A conversa com Margarida Periquito, que traduz a autora italiana desde A Filha Obscura (que surge em Crónicas do Mal de Amor, 2014), assinando a tradução de todo o - habitualmente chamado - quarteto de Nápoles, que começa com A Amiga Genial e termina com História da Menina Perdida, inicia-se com a tradutora a dizer: "Referimo-nos a ela, não importa quem seja, porque têm vindo tantas coisas a lume..." Margarida fazia alusão à novela extrínseca às de Ferrante: a da sua identidade.

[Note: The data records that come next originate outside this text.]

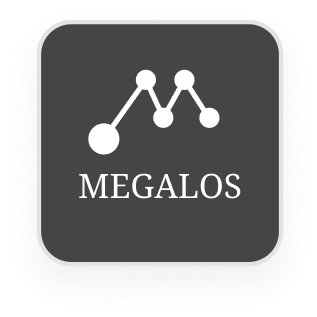 Megalos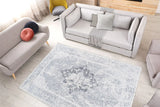 Product image #2
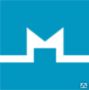 МеталлПром-Тюмень, ТПК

O jornalista Claudio Gatti publicou em outubro um artigo na New York Review of Books onde alega ter descoberto que Ferrante será Anita Raja, tradutora de alemão casada com Domenico Starnone, também já apontado como a mão por detrás de Ferrante.

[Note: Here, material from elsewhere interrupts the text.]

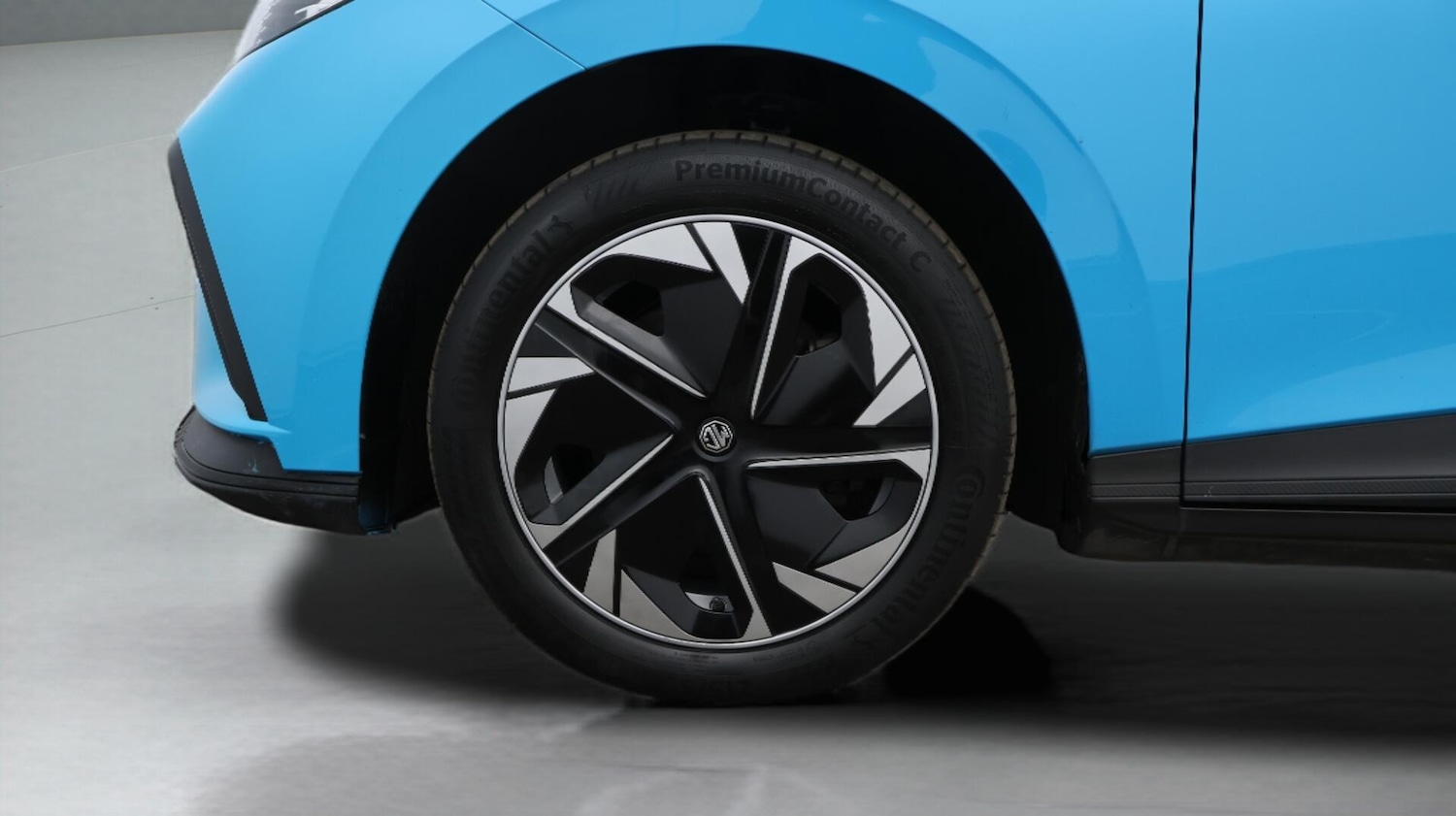 Used MG MG4 2023 for sale - 76671207: Photo 19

"A mim não me acrescentou nada, nem me interessa absolutamente nada saber quem é. Já tinha lido sugestões que fosse o Domenico Starnone, a própria Anita Raja, ou os dois em conjunto. Ele é napolitano e tem aquelas características que ela criou - na minha opinião -, para ela, aquele perfil que nós vemos delineado no Escombros, e que eu acho que se adapta a ele, à vivência dele."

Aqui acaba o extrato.